The county government yesterday said it is still receiving proposals from 26 shortlisted private investors that had expressed interest in the project.
“More than 60 investors had expressed interest but we shortlisted 26 and asked them to write proposal detailing the technology they have and how they intend to implement it,” Environment director David Makori said.
Makori said that the shortlisted investors have until the end of the month to submit the proposal. He said that evaluations before the tender is awarded to the best firm.
“We are looking for a firm that will offer best technology and has finances to do the work. In three months, we should be done with all the documentations,” he said.
The plant will recycle waste and use garbage to produce and supply electricity in the city.
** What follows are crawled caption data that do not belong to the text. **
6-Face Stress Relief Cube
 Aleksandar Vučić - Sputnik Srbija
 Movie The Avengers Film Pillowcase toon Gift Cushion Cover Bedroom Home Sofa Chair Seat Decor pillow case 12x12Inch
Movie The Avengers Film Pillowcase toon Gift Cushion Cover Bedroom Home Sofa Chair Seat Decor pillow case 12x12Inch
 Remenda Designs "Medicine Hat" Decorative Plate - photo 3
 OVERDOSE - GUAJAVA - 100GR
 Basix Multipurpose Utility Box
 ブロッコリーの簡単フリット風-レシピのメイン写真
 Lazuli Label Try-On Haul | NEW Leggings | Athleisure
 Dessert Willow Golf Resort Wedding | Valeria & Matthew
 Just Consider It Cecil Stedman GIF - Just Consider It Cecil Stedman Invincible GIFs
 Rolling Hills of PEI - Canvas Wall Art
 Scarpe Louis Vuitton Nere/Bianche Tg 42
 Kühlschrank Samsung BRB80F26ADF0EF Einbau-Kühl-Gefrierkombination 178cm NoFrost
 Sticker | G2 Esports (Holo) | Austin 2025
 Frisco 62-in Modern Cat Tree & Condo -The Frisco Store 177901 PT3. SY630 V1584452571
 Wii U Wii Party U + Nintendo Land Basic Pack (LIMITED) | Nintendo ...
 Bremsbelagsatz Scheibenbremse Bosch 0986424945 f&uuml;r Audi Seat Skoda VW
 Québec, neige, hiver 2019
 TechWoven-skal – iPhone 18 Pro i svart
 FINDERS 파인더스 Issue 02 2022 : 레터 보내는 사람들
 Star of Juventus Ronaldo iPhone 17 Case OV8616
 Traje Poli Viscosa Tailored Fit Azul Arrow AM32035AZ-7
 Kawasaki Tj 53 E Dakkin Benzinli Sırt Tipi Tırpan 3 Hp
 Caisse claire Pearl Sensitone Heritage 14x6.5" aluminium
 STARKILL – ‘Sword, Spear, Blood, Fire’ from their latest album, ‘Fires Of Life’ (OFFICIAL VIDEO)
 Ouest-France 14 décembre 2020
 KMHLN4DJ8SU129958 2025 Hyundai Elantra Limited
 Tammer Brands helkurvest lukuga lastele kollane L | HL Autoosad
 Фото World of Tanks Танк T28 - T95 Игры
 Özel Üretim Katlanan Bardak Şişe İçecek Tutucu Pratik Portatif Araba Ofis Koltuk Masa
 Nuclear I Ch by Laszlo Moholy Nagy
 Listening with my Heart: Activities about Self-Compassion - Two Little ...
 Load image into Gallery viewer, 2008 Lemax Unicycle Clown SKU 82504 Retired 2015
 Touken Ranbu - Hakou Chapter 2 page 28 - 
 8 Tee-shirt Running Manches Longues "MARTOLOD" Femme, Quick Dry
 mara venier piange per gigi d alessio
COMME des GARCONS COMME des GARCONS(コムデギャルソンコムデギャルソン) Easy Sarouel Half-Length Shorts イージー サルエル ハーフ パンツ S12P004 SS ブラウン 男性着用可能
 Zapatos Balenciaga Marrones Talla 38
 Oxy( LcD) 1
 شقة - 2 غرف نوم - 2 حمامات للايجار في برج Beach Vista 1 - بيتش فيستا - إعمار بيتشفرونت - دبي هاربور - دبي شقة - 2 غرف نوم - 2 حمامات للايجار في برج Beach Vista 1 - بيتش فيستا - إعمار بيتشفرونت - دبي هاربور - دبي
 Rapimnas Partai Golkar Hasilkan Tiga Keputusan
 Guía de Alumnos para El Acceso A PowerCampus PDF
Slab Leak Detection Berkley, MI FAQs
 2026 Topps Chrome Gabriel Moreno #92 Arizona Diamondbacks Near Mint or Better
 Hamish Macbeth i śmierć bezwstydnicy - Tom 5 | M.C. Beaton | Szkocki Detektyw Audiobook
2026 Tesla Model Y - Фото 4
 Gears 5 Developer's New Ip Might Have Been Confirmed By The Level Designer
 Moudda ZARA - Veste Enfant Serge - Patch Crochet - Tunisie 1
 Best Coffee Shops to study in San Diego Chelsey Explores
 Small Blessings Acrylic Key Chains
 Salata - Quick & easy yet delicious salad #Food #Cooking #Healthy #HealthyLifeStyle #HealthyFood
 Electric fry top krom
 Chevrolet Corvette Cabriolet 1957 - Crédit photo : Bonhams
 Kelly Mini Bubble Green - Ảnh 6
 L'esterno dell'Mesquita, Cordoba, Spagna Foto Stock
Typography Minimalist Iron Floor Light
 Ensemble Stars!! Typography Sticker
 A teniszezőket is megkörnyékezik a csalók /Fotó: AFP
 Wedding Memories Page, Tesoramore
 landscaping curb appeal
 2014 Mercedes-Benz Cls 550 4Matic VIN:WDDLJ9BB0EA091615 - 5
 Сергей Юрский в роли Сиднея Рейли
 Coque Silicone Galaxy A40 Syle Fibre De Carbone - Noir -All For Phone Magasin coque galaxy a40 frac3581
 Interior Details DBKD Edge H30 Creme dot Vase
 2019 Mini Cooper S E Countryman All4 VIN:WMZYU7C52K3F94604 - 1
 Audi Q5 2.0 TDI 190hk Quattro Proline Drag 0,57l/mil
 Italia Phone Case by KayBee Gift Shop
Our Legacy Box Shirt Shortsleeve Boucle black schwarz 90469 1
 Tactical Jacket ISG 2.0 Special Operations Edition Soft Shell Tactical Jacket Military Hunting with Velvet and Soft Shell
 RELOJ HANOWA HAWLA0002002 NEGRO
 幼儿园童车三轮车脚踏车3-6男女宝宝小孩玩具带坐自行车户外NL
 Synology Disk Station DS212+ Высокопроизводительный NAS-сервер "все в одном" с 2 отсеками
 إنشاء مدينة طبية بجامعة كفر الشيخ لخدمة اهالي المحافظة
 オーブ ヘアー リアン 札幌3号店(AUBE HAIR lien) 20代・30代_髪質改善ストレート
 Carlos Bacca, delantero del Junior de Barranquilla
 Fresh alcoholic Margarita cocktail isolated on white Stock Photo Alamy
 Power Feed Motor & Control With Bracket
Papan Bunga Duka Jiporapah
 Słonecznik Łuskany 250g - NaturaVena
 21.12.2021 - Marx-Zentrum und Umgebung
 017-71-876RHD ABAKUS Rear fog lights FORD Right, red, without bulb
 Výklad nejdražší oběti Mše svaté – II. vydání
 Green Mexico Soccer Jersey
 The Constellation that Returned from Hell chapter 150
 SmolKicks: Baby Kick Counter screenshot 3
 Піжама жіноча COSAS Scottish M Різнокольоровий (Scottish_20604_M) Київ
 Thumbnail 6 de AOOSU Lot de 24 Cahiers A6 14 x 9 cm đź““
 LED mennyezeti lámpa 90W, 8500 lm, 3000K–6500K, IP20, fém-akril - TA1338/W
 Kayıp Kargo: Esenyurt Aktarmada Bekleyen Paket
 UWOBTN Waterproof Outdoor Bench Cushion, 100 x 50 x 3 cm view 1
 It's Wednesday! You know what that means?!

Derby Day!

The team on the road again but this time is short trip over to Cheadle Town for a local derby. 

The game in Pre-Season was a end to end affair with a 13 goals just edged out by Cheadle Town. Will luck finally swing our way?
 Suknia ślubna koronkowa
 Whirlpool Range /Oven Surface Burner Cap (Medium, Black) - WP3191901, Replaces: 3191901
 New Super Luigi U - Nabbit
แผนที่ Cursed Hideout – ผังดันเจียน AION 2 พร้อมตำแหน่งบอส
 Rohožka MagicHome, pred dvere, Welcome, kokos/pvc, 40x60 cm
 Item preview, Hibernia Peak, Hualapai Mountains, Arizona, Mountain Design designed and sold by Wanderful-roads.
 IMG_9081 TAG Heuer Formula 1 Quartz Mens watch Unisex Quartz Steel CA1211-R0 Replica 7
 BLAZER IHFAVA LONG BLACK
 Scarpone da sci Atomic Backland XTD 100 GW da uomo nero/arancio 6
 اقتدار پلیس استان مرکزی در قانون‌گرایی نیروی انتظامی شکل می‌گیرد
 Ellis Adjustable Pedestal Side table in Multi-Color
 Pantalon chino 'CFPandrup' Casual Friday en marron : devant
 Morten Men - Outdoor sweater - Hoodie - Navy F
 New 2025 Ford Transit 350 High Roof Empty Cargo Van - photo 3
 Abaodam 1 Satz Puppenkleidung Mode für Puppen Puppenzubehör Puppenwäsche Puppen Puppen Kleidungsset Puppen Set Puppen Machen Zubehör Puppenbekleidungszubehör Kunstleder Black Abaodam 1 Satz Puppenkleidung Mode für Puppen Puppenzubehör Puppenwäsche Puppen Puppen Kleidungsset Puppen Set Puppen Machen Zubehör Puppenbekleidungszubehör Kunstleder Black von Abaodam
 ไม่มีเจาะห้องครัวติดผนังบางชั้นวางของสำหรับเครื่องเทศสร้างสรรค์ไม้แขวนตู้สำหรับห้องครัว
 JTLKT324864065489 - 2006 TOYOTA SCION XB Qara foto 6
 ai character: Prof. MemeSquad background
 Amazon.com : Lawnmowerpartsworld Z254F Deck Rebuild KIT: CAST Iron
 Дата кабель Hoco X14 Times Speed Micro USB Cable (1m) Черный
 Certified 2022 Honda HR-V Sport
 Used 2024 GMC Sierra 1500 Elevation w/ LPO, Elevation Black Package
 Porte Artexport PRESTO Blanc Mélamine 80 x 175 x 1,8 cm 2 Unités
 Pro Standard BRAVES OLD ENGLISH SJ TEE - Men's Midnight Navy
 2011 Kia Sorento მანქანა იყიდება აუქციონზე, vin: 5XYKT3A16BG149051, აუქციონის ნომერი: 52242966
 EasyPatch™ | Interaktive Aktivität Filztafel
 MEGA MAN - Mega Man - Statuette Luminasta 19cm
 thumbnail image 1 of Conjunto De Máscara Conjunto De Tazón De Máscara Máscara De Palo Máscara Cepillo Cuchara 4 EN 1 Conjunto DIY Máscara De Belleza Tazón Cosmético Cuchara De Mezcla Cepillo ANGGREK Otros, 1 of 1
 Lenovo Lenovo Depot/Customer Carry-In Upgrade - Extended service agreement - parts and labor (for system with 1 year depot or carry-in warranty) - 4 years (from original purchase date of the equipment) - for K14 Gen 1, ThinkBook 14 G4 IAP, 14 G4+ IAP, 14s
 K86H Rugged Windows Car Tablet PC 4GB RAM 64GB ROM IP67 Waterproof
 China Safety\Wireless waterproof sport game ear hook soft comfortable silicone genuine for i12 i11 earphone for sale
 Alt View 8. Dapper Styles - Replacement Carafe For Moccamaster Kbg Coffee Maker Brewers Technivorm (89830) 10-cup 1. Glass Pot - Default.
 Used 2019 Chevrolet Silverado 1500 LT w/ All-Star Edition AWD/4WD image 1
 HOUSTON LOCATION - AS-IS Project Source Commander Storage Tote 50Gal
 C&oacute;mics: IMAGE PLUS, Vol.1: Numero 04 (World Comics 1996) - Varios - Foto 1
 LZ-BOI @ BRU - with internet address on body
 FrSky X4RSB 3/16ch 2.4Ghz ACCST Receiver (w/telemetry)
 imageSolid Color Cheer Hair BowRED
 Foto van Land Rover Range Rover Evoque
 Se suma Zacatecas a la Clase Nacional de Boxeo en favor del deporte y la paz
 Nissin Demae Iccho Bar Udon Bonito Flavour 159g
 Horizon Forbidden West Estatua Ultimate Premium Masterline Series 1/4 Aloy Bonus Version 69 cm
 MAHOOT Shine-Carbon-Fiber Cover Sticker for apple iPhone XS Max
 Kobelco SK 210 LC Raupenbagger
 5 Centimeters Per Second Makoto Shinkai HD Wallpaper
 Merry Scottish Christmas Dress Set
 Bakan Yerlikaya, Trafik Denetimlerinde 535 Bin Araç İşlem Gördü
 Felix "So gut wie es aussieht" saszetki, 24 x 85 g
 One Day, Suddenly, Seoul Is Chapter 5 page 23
Makori said that the plant is expected to produce 40 mega watts of clean, renewal energy per day which will connected to the national grid.
The firm was to eliminate the need to relocate the dumpsite as it will use the mountains of waste deposited at the dumpsite as raw materials.
“This plant will create jobs for youths in Dandora,” he said.
Last month, Environment executive Larry Wambua said that City Hall collects only 1000 tons of garbage daily against 2500 produced.
“Waste management is a big headache for Nairobi, with a lot of our waste going into rivers, illegal dumpsites, roads and streets,” he said.
The Dandora dumpsite covers more than 30 acres and receives wastes from across the capital. It was declared full in 1996 but still continues to receive the trash after several attempts to relocate it failed.
Initially, the dumpsite was supposed to be relocated to Ruai, but this failed after the Kenya Civil Aviation Authority contested the move, arguing the site is too close to JKIA and that birds attracted to it would interfere with flights.
Currently, the county is compacting waste to accommodate more as it looks for alternatives, including setting up of a waste energy plant.
During his New Year message to the residents, Governor Mike Sonko promised to deliver plant this year.
The county has been planning to establish the energy plant for more than three years. In 2016, former Governor Evans Kidero’s administration nearby delivered the project, but a German investor withdrew in the last minute.
Sustainable Environment Management UG withdrew from the project after it emerged that lacked a title for the 30-acre waste-yard.
The firm had been contracted through a public-private partnership, to mange the waste.
But Sonko said his administration started the process afresh after the county obtained a title for the land early last year.